Te diriges ilusionado a El Corte Inglés, que en adelante será ECI. Las luces de la fachada, antaño camellos con reyes de plata y azul, epatan tu infausta y mileurista alma. Las parejas se arrullan en los foodtrucks de cocineros marrulleros a los que ha engañado una de las empresas subcontratadas por el marido de Cristina Pedroche. Un baño de aire caliente te purifica según abates las pesadísimas puertas de hierro con el logo de ECI.

Huele a colonia, cincuentonas bajitas embutidas en sus uniformes aconsejan a treintañeras disgustadas, imagino, con su olor habitual. Suenan villancicos patrios mientras los hombres se miran en la sección de marroquinería, enviados indirectamente por sus femeninos familiares.

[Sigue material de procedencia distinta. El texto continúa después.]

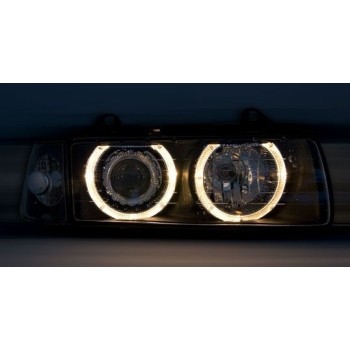 Φανάρια εμπρός Bmw E36 (1991-2000) 4d sedan angel eyes - μαύρα , χωρίς λάμπες (Η7) - σετ 2τμχ.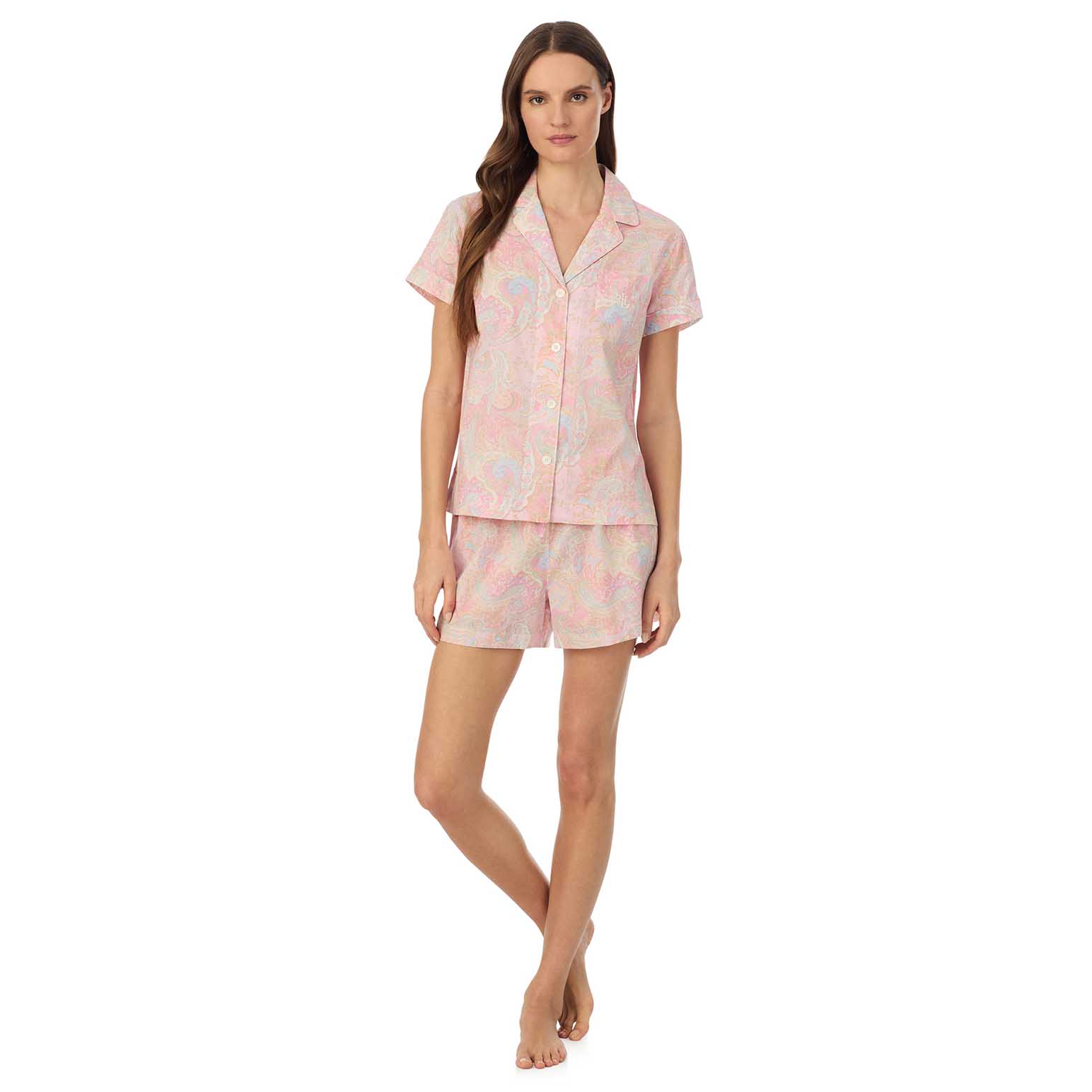 Lauren Ralph Lauren Cotton Lawn S/S Notch Collar Boxer Set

Subo las escaleras mecánicas y me observo en los espejitos triangulares que me recuerdan que soy un pestero desgraciado, un husmias. Allá llego, al sótano, a las calderas de Ramón Areces, donde se junta el hambre con las ganas de comer. Cojo un carrito que me ofrece un sietemesino después de admirar las planchas, las botellas con forma de pez, la vajilla de loza y los vinos de la Estación Gourmet. Todo me gusta. Todo me encanta. Estoy en El Corte Inglés.

Ante mí la fruta se presenta ordenada por colores, con todas las piezas sin excepción, como una catarata cítrica, una avalancha de fructosa que llena mi vida de esperanza. Cuántas nueces y cuántos pistachos, cuántos frutos secos juntos. Qué placer. Una chavalita bien parecida ofrece una bandeja con canapés que no dudo en probar.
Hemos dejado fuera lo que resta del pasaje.